THE chairman of the Senate Foreign Relations Committee has urged the Duterte government not to shut the door on investigators from the International Criminal Court (ICC), saying such would irreparably ruin the image the Philippines projects as a “responsible” member of the international community.
At the same time, Sen. Aquilino “Koko” Pimentel III suggested several avenues “of defense are available” to the Philippine government—and the individuals named in the report of a special prosecutor, for which an ICC pre-trial unit gave clearance to proceed last week.
“As a responsible member of the international community, let’s cooperate and not say outright we will not allow them in,” Pimentel said in a radio interview last Sunday.
“That’s the image we want to cultivate, right? That we are a responsible and cooperative member: we are not a rogue state; we honor international treaties. So, let us cooperate, especially if we have nothing to hide,” Pimentel said in a mix of English and Filipino.
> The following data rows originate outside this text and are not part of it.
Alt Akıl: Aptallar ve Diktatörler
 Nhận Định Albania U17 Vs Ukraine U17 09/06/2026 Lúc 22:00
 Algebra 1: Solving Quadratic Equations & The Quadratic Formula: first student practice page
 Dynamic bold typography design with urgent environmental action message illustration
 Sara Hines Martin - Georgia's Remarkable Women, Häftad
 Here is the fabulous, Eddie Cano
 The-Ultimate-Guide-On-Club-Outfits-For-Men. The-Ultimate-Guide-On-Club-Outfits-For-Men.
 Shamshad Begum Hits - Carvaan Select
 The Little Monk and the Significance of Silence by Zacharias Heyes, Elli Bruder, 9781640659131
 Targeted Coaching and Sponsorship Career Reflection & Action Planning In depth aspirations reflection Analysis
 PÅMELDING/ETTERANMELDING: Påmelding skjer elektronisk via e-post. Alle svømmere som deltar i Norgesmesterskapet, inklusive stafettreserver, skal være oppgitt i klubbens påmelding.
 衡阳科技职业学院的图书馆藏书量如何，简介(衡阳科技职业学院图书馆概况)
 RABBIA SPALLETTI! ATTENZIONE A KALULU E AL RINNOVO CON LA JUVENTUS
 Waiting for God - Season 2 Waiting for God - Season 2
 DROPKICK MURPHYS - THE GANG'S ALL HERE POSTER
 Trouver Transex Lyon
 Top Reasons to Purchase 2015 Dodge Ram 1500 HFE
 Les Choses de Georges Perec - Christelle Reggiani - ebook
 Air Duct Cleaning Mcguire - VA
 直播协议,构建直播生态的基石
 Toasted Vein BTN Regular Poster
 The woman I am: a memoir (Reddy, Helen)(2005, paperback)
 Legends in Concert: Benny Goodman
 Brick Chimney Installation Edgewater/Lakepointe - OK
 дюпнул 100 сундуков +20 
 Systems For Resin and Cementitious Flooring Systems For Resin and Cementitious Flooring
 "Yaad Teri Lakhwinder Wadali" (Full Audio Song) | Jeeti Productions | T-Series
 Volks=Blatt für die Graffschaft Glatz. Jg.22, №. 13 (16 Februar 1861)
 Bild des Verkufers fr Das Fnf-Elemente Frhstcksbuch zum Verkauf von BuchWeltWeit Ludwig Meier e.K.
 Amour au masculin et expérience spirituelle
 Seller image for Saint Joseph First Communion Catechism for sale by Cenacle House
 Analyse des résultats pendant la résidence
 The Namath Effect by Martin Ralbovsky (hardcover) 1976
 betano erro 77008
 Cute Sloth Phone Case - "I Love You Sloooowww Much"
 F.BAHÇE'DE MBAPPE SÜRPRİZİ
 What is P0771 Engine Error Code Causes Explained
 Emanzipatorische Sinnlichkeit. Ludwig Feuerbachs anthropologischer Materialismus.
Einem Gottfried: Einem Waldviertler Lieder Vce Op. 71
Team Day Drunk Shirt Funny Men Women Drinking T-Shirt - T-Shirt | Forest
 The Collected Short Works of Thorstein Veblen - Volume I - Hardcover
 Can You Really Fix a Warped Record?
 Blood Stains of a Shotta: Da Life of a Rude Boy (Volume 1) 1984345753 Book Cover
At the same time, Pimentel, a bar topnotcher, suggested that there are defenses available to those named in the ICC prosecutor’s report that named, besides Duterte, several other individuals for their respective roles in his administration’s war on drugs.
Among them is Pimentel’s peer, Sen. Ronald “Bato” dela Rosa, who was the president’s first National Police chief, tasked with presiding over the anti-drugs campaign, before he was elected to the Senate in 2019.
Invoking these lines of defense, added Pimentel, is better than rejecting entry to international probers outright, thus damaging the country’s image in the global community.
The first line of defense that they may raise is that, being a penal statute, the Rome Statute should have been published as required by the Philippine Constitution. It was not, Presidential Legal Counsel Salvador S.B. Panelo had pointed out last week.
The second line of defense deals with the substance of the treaty. It lists “piracy, crimes against humanity, genocide,” Pimentel said, noting that the accused can state that the acts cited in prosecutor’s complaint don’t fall under these.
The solon added “the third line of defense that may be invoked is that the treaty only comes into play if courts no longer function in a country.” Pimentel suggests “they can invoke that the judicial system is still functioning in the country.”
Asked for a reaction on Presidential Spokesman Harry Roque’s remark that Duterte would rather die than face international judges, Pimentel does not see it likely so soon.
“Malayo pa ’yun, kasi nga imbestigasyon pa lang [That’s still remote because this is just the investigation stage].” He added that “even if we are no longer ICC member, we should still cooperate. The persons named there should still be available.”
In seeking clearance to proceed with an investigation, ICC prosecutor Fatou Bensouda has said she found probable evidence that “crimes against humanity” were committed by state actors in the deaths of thousands in Duterte’s war on drugs, for which the government lists a total of some 6,000 deaths—a number that other quarters insist could reach up to 20,000.
Bensouda said earlier that vigilante-style killings by policemen had pushed up the civilian death toll to anywhere between 12,000 civilians and 30,000 civilians.